PROBLEM: All that is wanted is the line with "Watch as Widow" and each line after it to the end of the data below, set down exactly and without pictures.

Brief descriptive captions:

——————

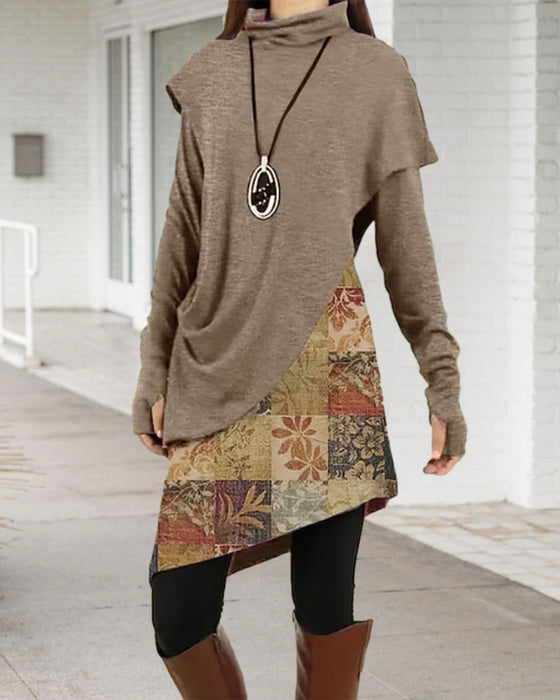 Robe Rétro Avec Patchwork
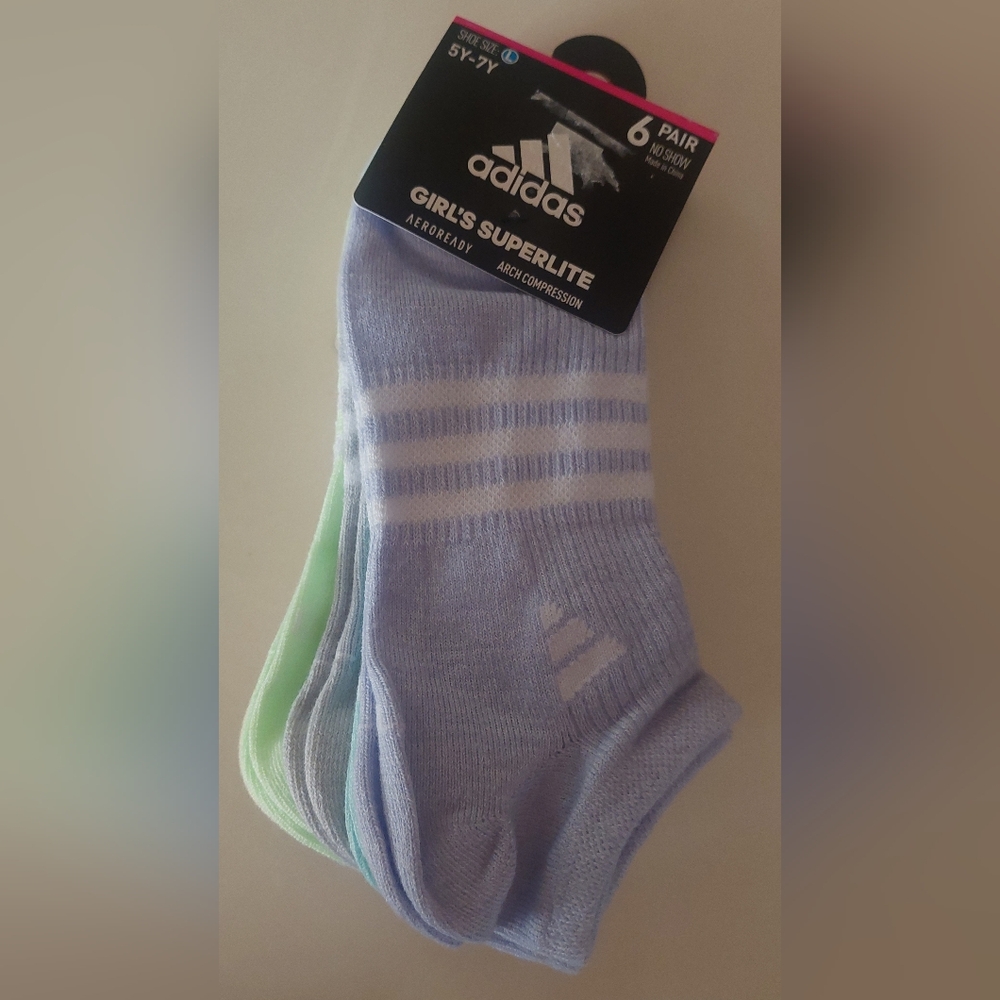 Adidas Girls Superlite Socks - Arch Compression
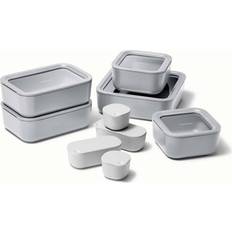 Kitchen Storage Caraway 14-Piece Ceramic Coated Food Container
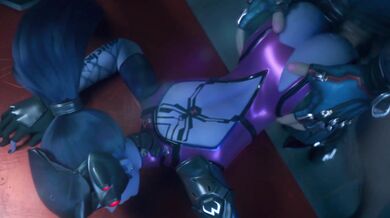 Watch as Widow takes on the massive load of Russian cosmonaut Zarya in this VGErotica exclusive!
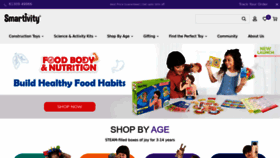 What Smartivity.in website looked like in 2024 (1 year ago)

——————

TASK RESPONSE:
 Watch as Widow takes on the massive load of Russian cosmonaut Zarya in this VGErotica exclusive!
 What Smartivity.in website looked like in 2024 (1 year ago)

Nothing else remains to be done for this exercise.